Entries provided:
'''

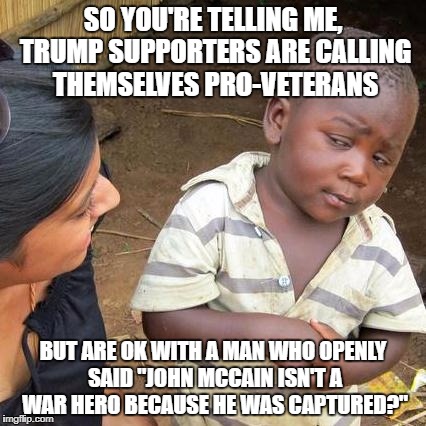 Third World Skeptical Kid Meme | SO YOU'RE TELLING ME, TRUMP SUPPORTERS ARE CALLING THEMSELVES PRO-VETERANS; BUT ARE OK WITH A MAN WHO OPENLY SAID "JOHN MCCAIN ISN'T A WAR HERO BECAUSE HE WAS CAPTURED?" | image tagged in memes,third world skeptical kid | made w/ Imgflip meme maker
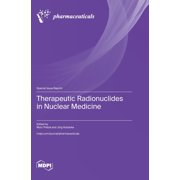 Therapeutic Radionuclides in Nuclear Medicine, (Hardcover)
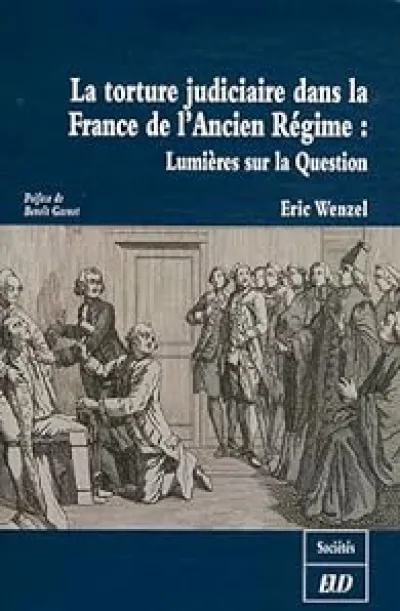 La torture judiciaire dans la France de l'Ancien Régime : Lumières sur la Question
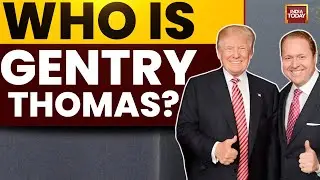Gentry Thomas Pushing Trump's Business Deals In Pakistan | Donald Trump | US | India Today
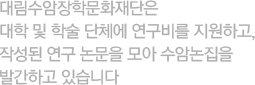 대림수암장학문화재단은 대학 및 학술 단체에 연구비를 지원하고, 작성된 연구 논문을 모아 수암논집을 발간하고 있습니다.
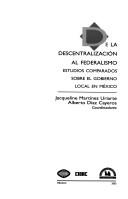 Cover of: De la descentralización al federalismo: estudios comparados sobre el gobierno local en México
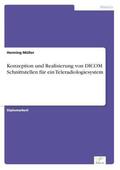 Müller |  Konzeption und Realisierung von DICOM Schnittstellen für ein Teleradiologiesystem | Buch |  Sack Fachmedien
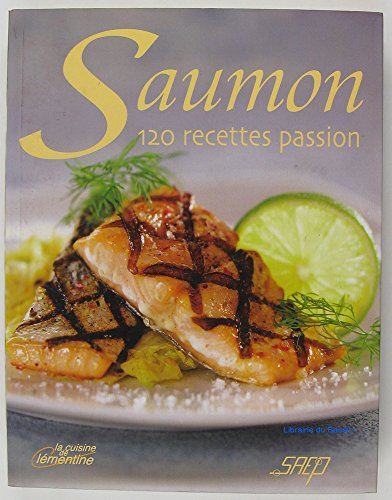 Beispielbild fr Saumon, 120 Recettes Passion zum Verkauf von RECYCLIVRE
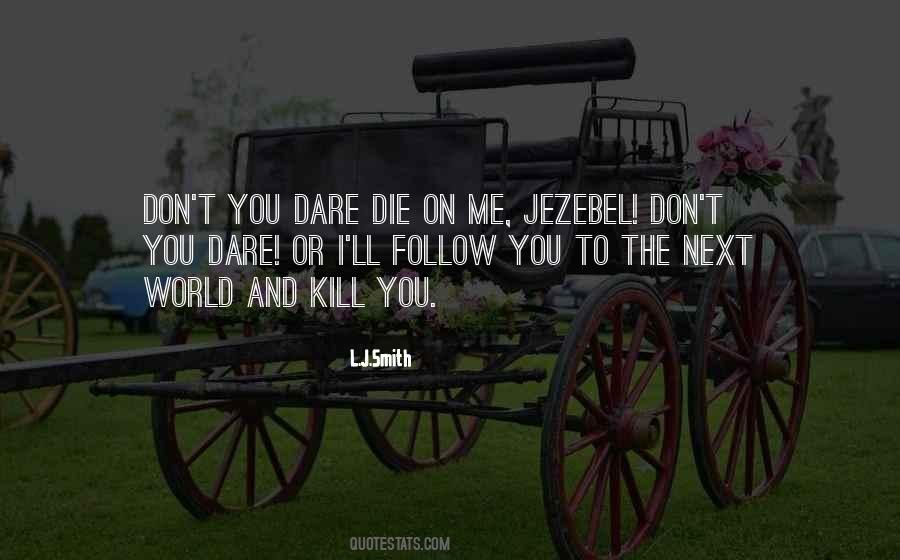 Follow You Quotes #1029457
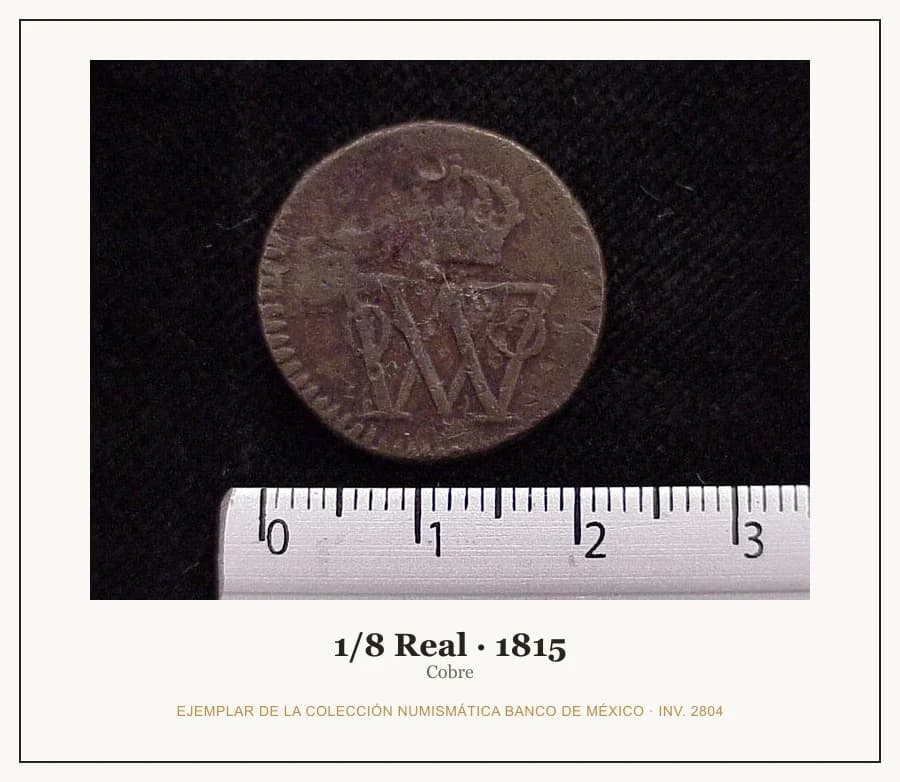 1/8 Real · 1815 — Ejemplar de la Colección Numismática Banco de México, inv. 2804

'''

Exercise aim:
In your copy, omit the pictures and restate every line of the data word for word.

Your response:
 Third World Skeptical Kid Meme | SO YOU'RE TELLING ME, TRUMP SUPPORTERS ARE CALLING THEMSELVES PRO-VETERANS; BUT ARE OK WITH A MAN WHO OPENLY SAID "JOHN MCCAIN ISN'T A WAR HERO BECAUSE HE WAS CAPTURED?" | image tagged in memes,third world skeptical kid | made w/ Imgflip meme maker
 Therapeutic Radionuclides in Nuclear Medicine, (Hardcover)
 La torture judiciaire dans la France de l'Ancien Régime : Lumières sur la Question
Gentry Thomas Pushing Trump's Business Deals In Pakistan | Donald Trump | US | India Today
 대림수암장학문화재단은 대학 및 학술 단체에 연구비를 지원하고, 작성된 연구 논문을 모아 수암논집을 발간하고 있습니다.
 Cover of: De la descentralización al federalismo: estudios comparados sobre el gobierno local en México
 Müller |  Konzeption und Realisierung von DICOM Schnittstellen für ein Teleradiologiesystem | Buch |  Sack Fachmedien
 Beispielbild fr Saumon, 120 Recettes Passion zum Verkauf von RECYCLIVRE
 Follow You Quotes #1029457
 1/8 Real · 1815 — Ejemplar de la Colección Numismática Banco de México, inv. 2804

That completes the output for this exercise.